There are layers of other academic issues here. Did the university flout its own bylaws in summarily suspending him? Did it behave spitefully by banning him from campus, as if he was a physical danger? Did the ban deny him a chance to gather info to defend himself?
But the religious issues are quite a bit simpler. The Roman Catholic Church's stance toward gay marriage could hardly be clearer: in a word, "Nope." And if professors like Maguire are free to criticize bishops over church teaching, why shouldn't professors like McAdams -- and students like JD -- be free to discuss church teaching at a Catholic university?
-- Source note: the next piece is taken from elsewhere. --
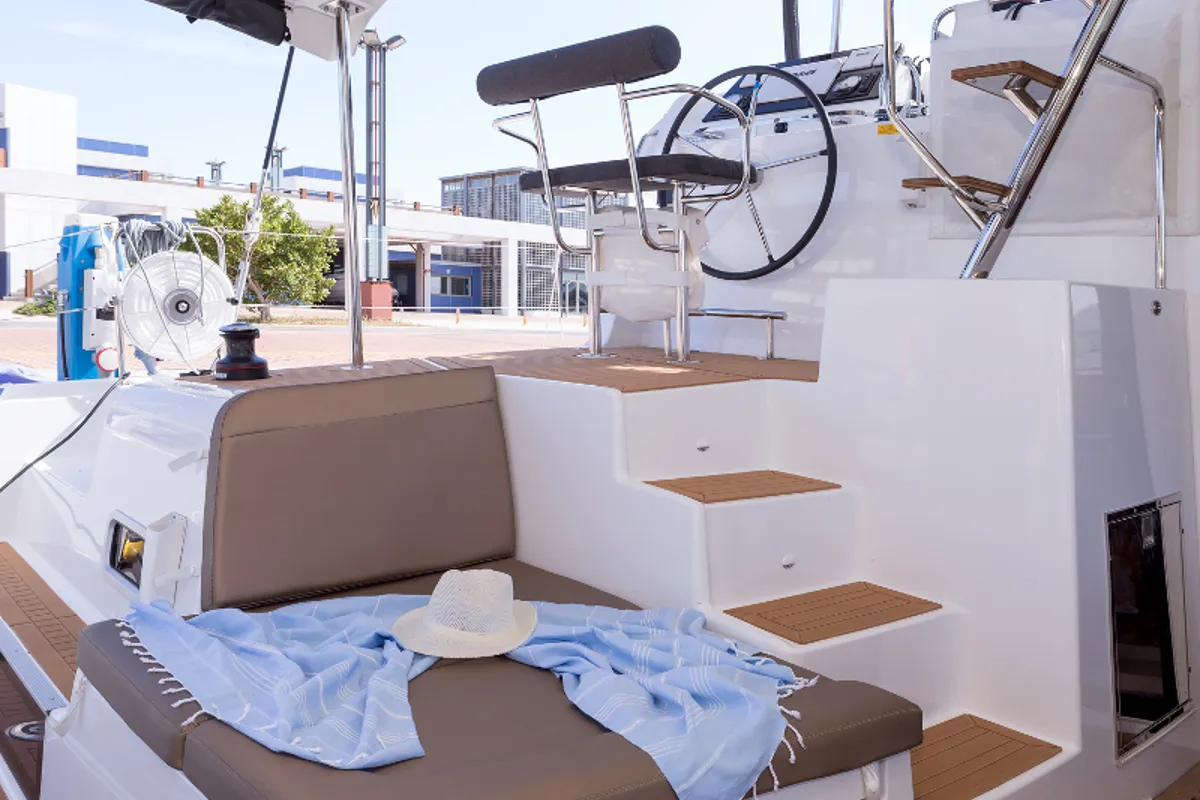 Deck of San Giorgio, a Lagoon 42 catamaran at Municipal Unit of Lefkada, Greece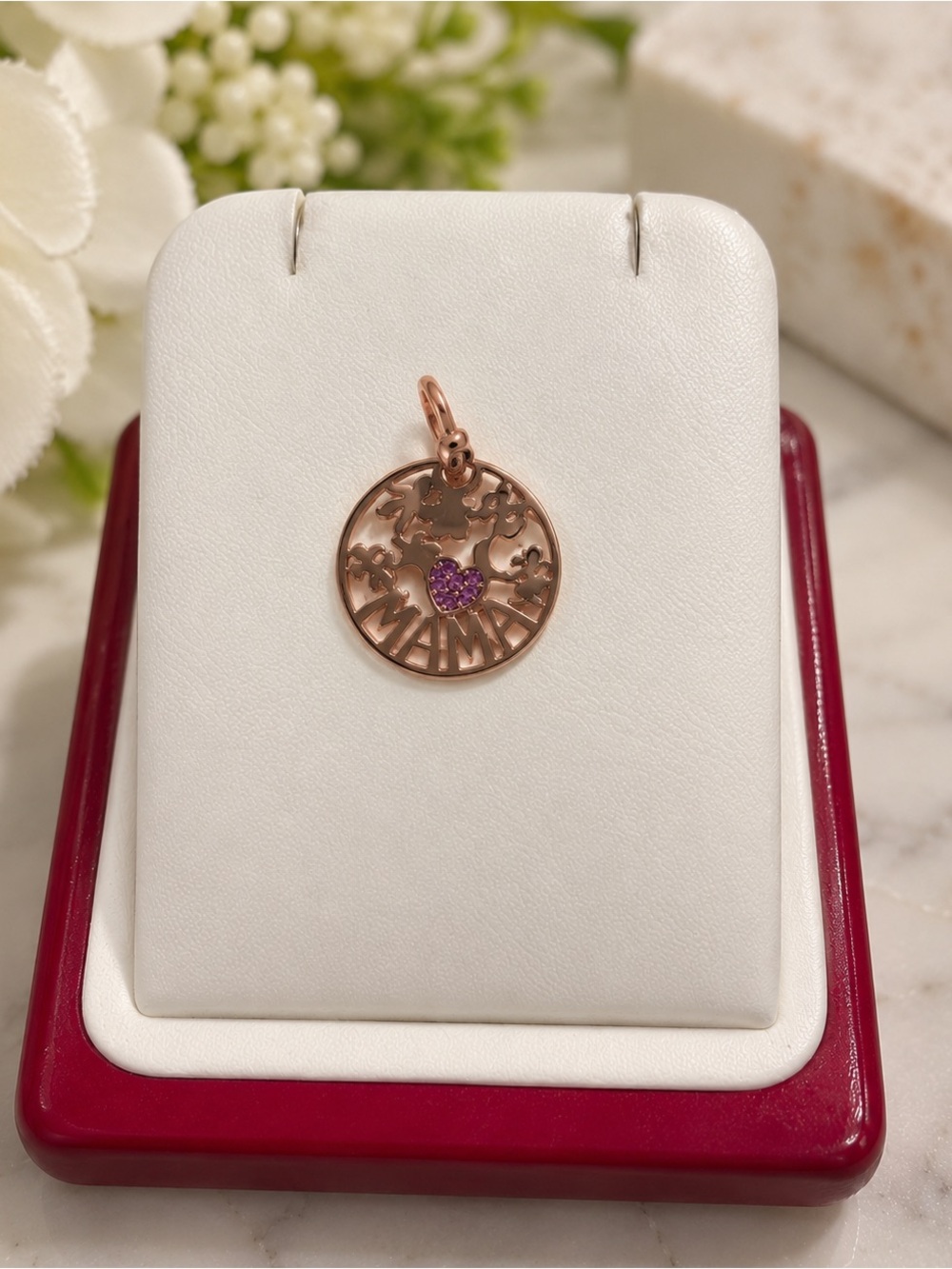 Mama Rose Gold rose Pendant with Purple Gemstone 925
The picture is simpler yet for media like the Washington Post: finding out what actually happened in the classroom, and whether a student was unfairly silenced merely for agreeing with the church. And not least, what precedent this conflict may set -- not only at Marquette but at other Catholic universities. Might the authoritative Ex Corde Ecclesiae document, addressing the work of Catholic universities, from St. Pope John Paul II be relevant to this case?
To be sure, the Post writer already had much to digest and explain: 28 pages of legal complaint, the 1,100-word FAQ file, the 164-page report of the Faculty Hearing Committee, McAdams' blog, various articles. And all on a daily deadline. It's just that when you collect and collate what everyone else has said, it looks more like curating than reporting.
So I'm ending this post like my colleague Bobby Ross Jr. often does. What do you think, readers? Is the Post story adequate on its own? Or does it need some additional, original reporting?